== Action item ==
What should you transcribe? Every line from the top of the records below through the line with "Vintage Firemans Red", exactly, and no pictures.

== Available data ==
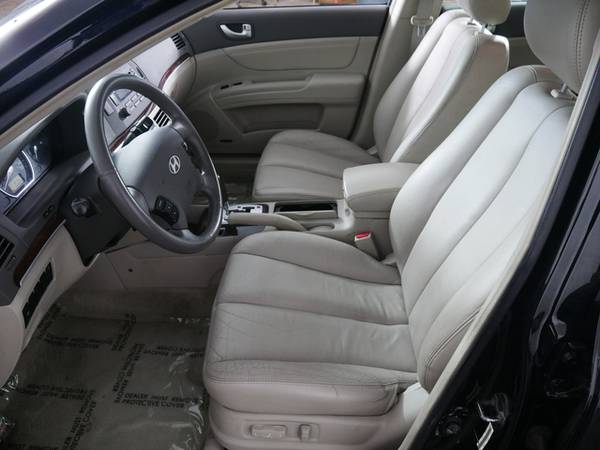 2008 Hyundai Sonata - - by dealer - vehicle automotive for sale in Inver Grove Heights, MN – photo 22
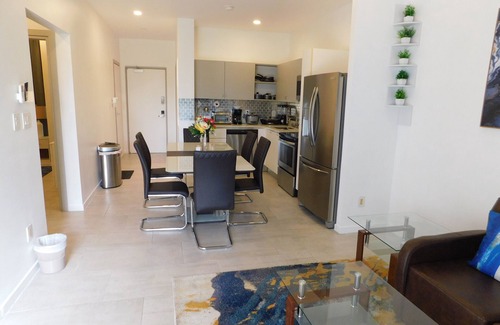 Jaco Condo | Charming 2-bedroom condo with WiFi and AC in Jaco, sleeps six, next door to pool
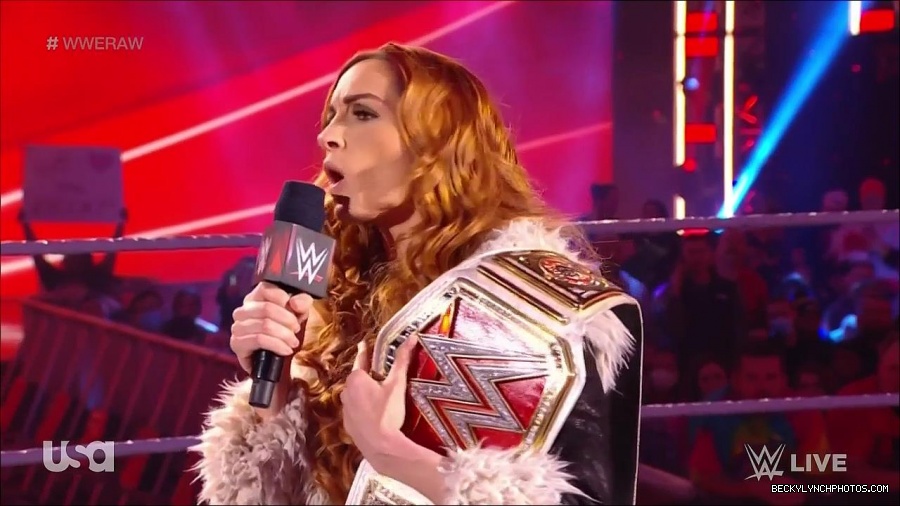 WWE_Monday_Night_Raw_2022_01_03_720p_HDTV_x264-NWCHD_mp4_002492826.jpg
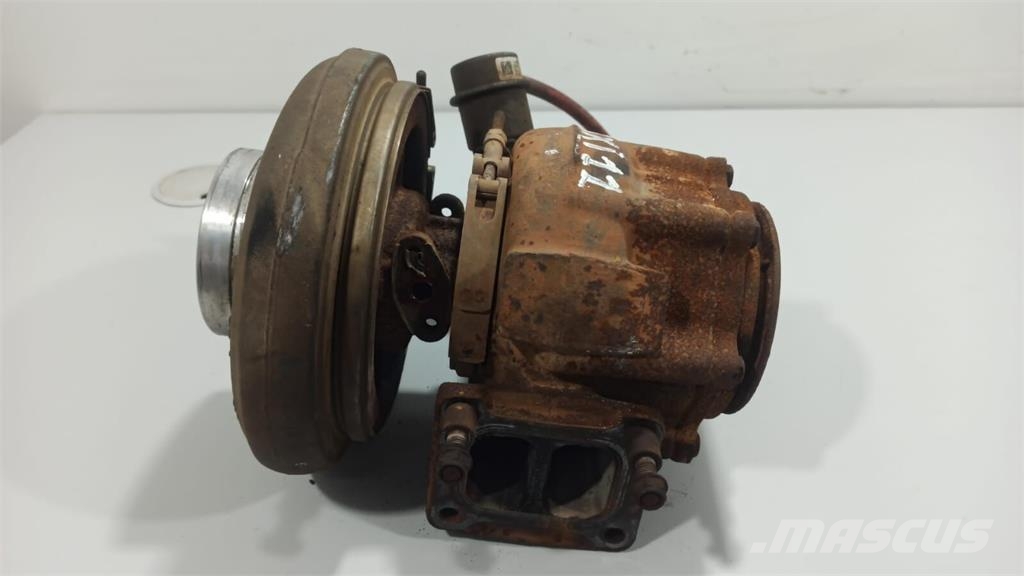 Volvo D11 Turbocompressor Mootorid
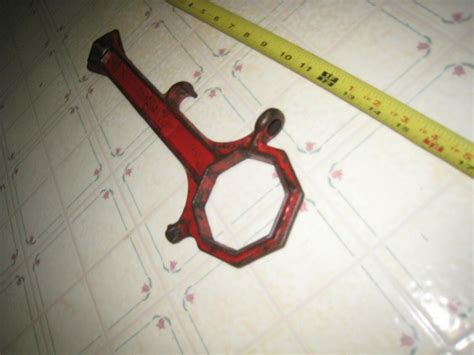 Vintage Firemans Red Fire Hydrant Spanner Wrench Tool Patt 1250 Usa Nice See 2107826133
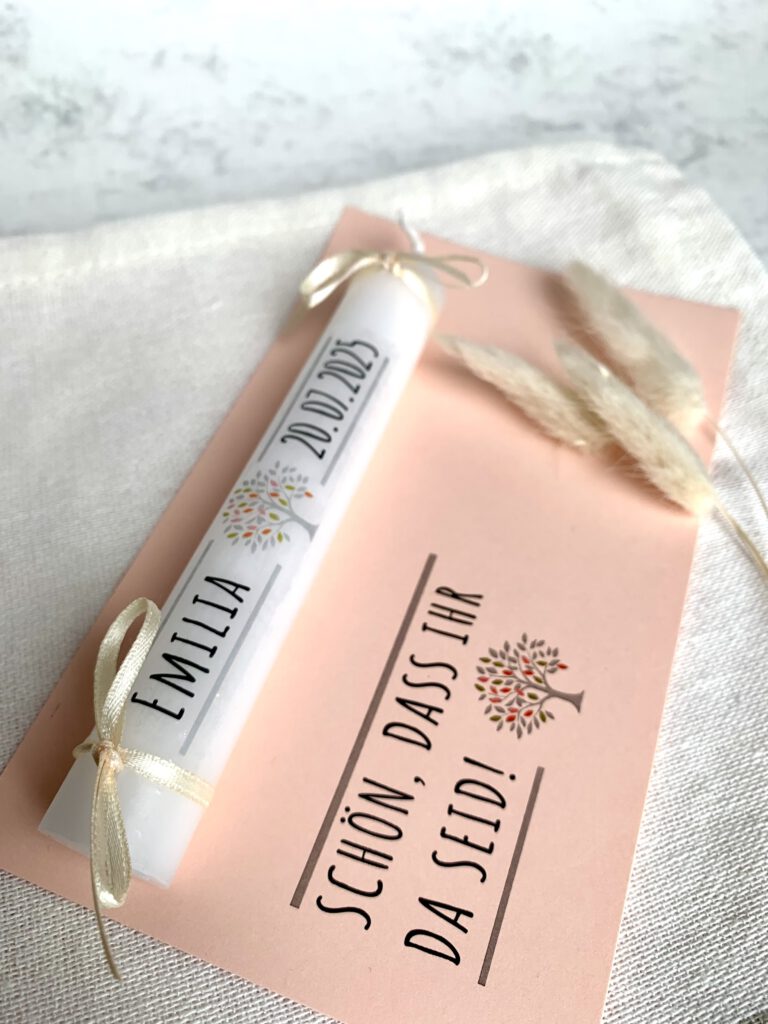 Gastgeschenke-Taufe-personalisierte-Kerze Gastgeschenke selber machen: Zur Taufe wurde eine kleine weiße Kerze mit Wasserschiebefolie bzw. Kerzentattoo mit dem Namen des Taufkindes und dem Taufdatum und einem Lebensbaum bedruckt. Das Gastgeschenk wurde auf farbigem Karton befestigt und mit Trockenblumen geschmückt.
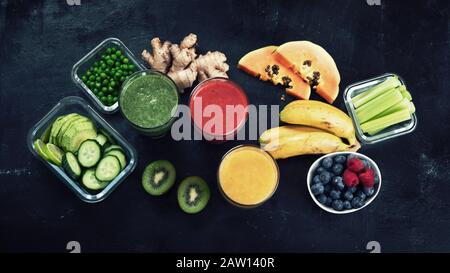 Diversi tipi di frullati su sfondo nero. Sano pulito e concetto di dieta detox. Vista dall'alto Foto Stock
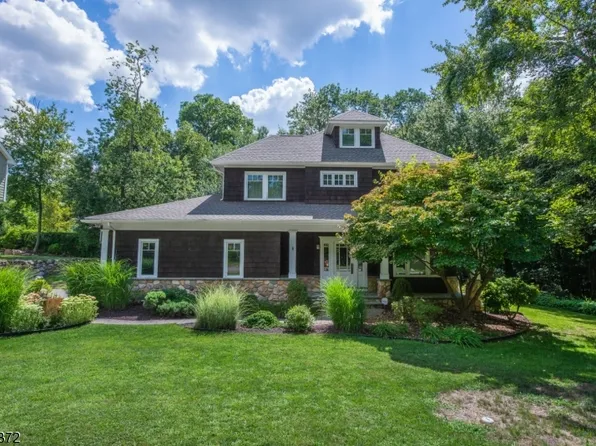 23 Laurelwood Dr, Mountain Lakes Boro, NJ 07046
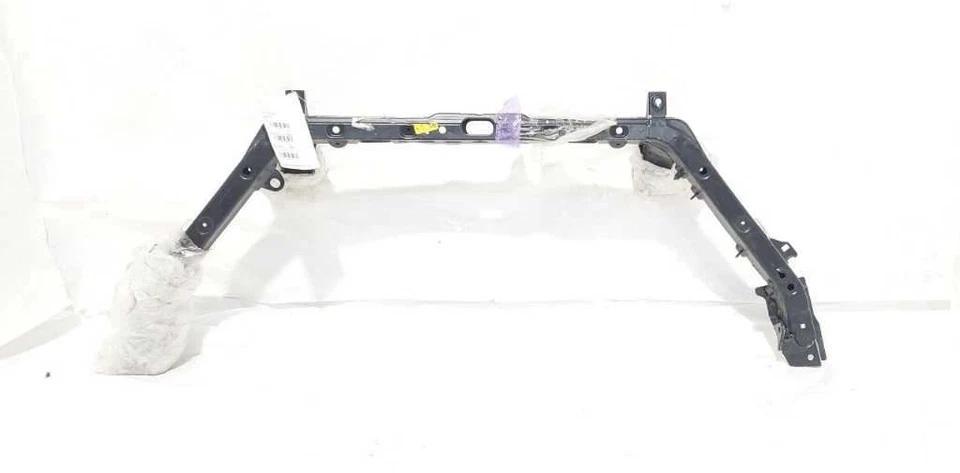 Cadillac CTS 2016 2017 2018 2019 nuevo OEM 23307917 soporte de núcleo de radiador Foto 2 de 4
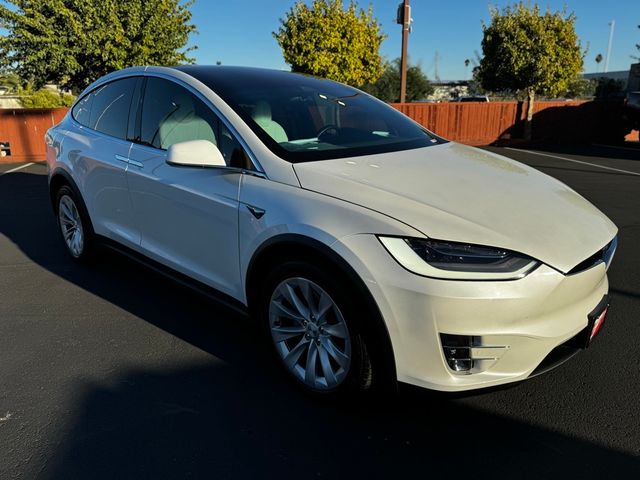 2020 Tesla Model X Long Range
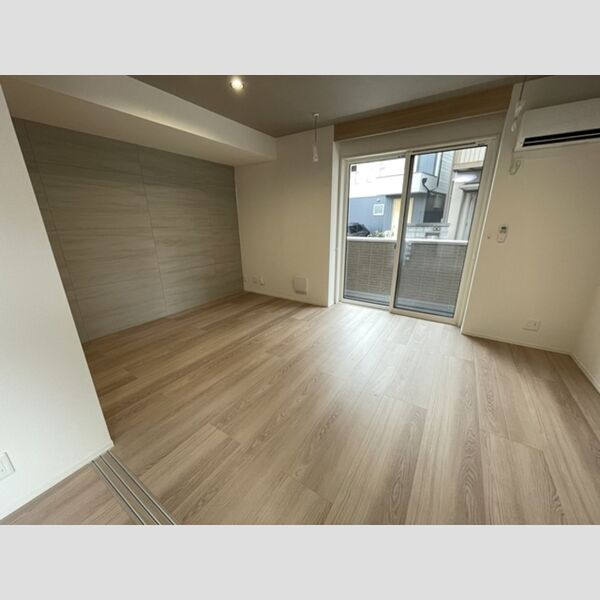 ノーブルパレス上木崎102号室 LDK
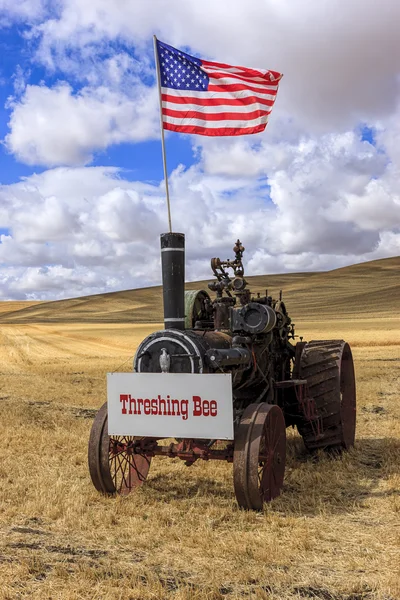 Ancien moteur à vapeur avec drapeau américain . — Photo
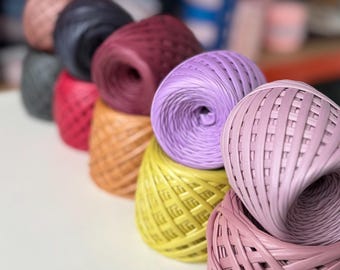 Leather Like Yarn for Crochet Bags, 150g or 200g 65m Skein, 10 Colors Vegan Leather Cord, T-Shirt Polyester Yarn for Macrame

== Your response ==
 2008 Hyundai Sonata - - by dealer - vehicle automotive for sale in Inver Grove Heights, MN – photo 22
 Jaco Condo | Charming 2-bedroom condo with WiFi and AC in Jaco, sleeps six, next door to pool
 WWE_Monday_Night_Raw_2022_01_03_720p_HDTV_x264-NWCHD_mp4_002492826.jpg
 Volvo D11 Turbocompressor Mootorid
 Vintage Firemans Red Fire Hydrant Spanner Wrench Tool Patt 1250 Usa Nice See 2107826133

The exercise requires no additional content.